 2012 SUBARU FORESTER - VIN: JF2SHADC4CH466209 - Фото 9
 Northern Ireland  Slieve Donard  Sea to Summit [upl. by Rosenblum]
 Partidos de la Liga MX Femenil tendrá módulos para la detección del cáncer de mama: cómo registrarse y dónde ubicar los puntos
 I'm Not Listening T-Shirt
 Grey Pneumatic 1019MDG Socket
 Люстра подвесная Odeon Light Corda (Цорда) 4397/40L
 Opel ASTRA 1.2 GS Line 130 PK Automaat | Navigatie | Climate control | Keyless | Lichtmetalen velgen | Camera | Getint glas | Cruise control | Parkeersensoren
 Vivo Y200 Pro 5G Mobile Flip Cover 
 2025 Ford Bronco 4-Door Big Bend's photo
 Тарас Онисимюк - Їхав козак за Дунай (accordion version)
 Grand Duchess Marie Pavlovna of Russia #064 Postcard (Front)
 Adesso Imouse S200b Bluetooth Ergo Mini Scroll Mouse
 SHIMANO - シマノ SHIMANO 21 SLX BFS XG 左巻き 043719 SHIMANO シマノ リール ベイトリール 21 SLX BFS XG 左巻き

###

Write out, word for word, all lines from the line that holds "Vivo Y200 Pro 5G Mobile Flip Cover" through the last line of the listing, with both end lines kept.

=== TASK ANSWER ===
 Vivo Y200 Pro 5G Mobile Flip Cover 
 2025 Ford Bronco 4-Door Big Bend's photo
 Тарас Онисимюк - Їхав козак за Дунай (accordion version)
 Grand Duchess Marie Pavlovna of Russia #064 Postcard (Front)
 Adesso Imouse S200b Bluetooth Ergo Mini Scroll Mouse
 SHIMANO - シマノ SHIMANO 21 SLX BFS XG 左巻き 043719 SHIMANO シマノ リール ベイトリール 21 SLX BFS XG 左巻き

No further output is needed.